Sunday, November 13, 2011

FREECHOICE to LOOK AWAY

"Freechoice is to KNWO the world is abusive and then to do nothing to change it" - Bernard Poolman

So, today i wanna dicate myself to this statement and look how we participate in this choice. In my live i have often done exactly this. Exatly seen that and how i exist in and as abuse and than turned a blind eye to the situations which eventually lead me to isolate myself pretty much. One cannot face abuse and do nothing - either one takes the opportunity and does something to change the situation or one separates oneself into the mind and use all kind of believes and definitions to not responde...actually it is a response, no its a reaction one programs oneself with to not responde but isolate

Looking at world there are more dimensions to this word, as you can see for example the "internal world", "personal world", "world of ur familiy and friends", "old world", "new world", "third word" or "this world" which would encompass all of it. In all of this worlds exist abuse - and we see this, yet we do not change it, we accept and allow it. We decide to ignore it - actually we do everything possible to not see, to not hear to somehow get along and cope with this shit - beause of fear of actally standing alone, of standing up in full awareness of what is here, what we have accepted and allowed within and without.

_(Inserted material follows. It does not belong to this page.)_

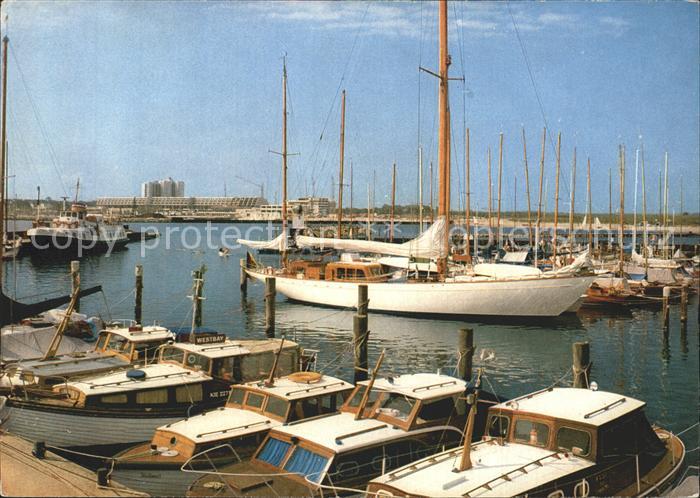 Strande Blick zum Olympiazentrum Schilksee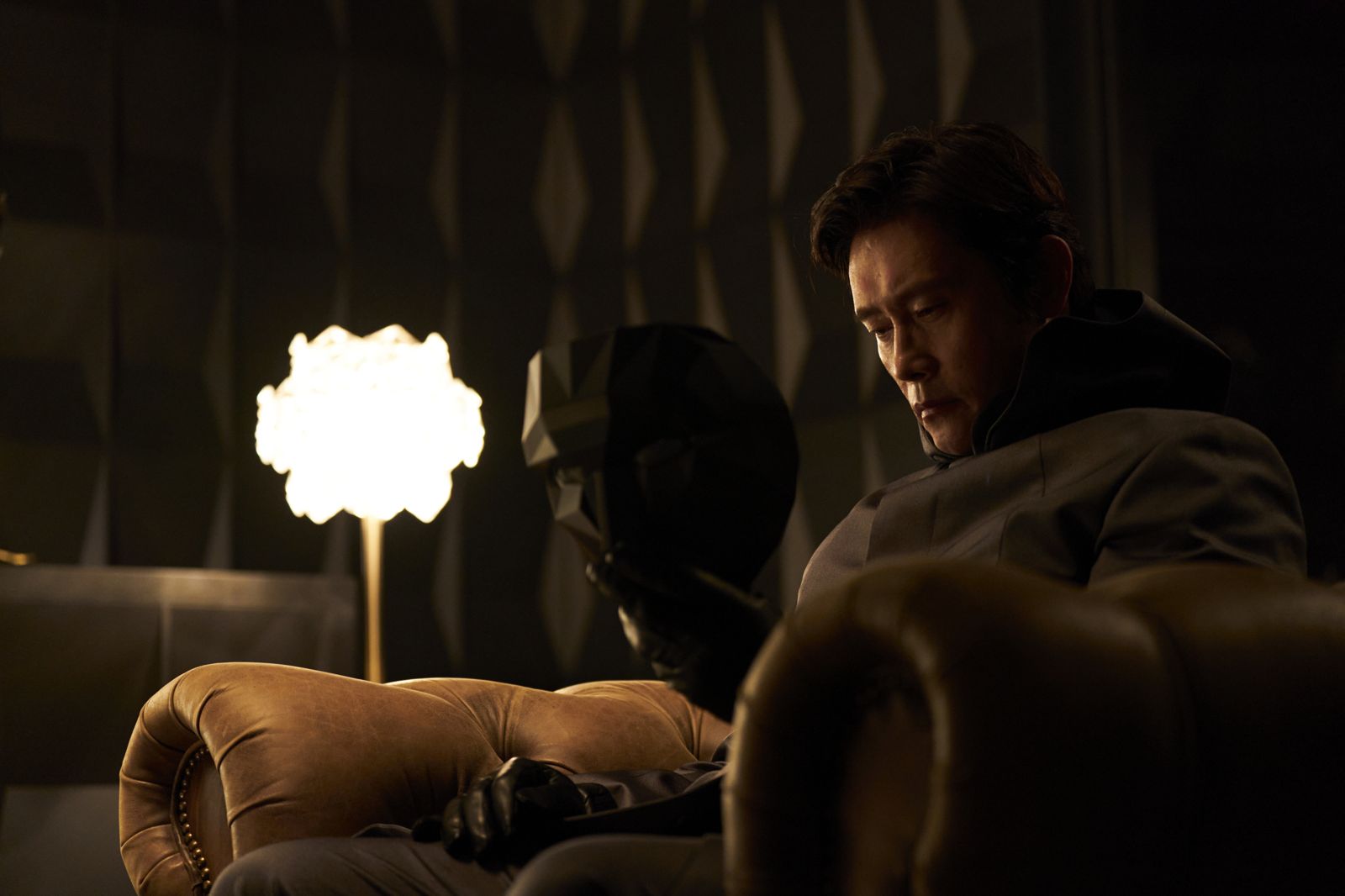 李炳憲飾演的負責人最後現身洛杉磯。Netflix提供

The internal world is the domain where the real evil and abuse houses, as apparently no one sees what we think and exist as. In our head we believe to have freechoice because "its my mind, i can think what i want "  "this can not harm anyone" and so we allow all kind of Stuff. In and as the mind i kill, i rape, i possess, in the mind i am a fucking-god, in the mind i deny, i hate, i desire, i fear, i am a accendet master, in the mind i hate but i am also Jesus - and we think this has no consequenzes - stuff we would or could not practically, physicaly live.  It has Consequenzes and brings about what we see within this world as what it exists, as we are creators - everyone creating as what is accepted and allowed whithin, yet we have a mind where we can suppress and hide the truth of ourselfs so that we actually believe ourselves to be "a normal person/ality" - the "Freechoice" to accept the abuse within our minds has the conseqenze of building all kinds of beLIEves into a Personality structure to hide behind - We live a lie if we accept the "Freechoice to KNWO the world is abusive and then to do nothing to change it" in and as our mind.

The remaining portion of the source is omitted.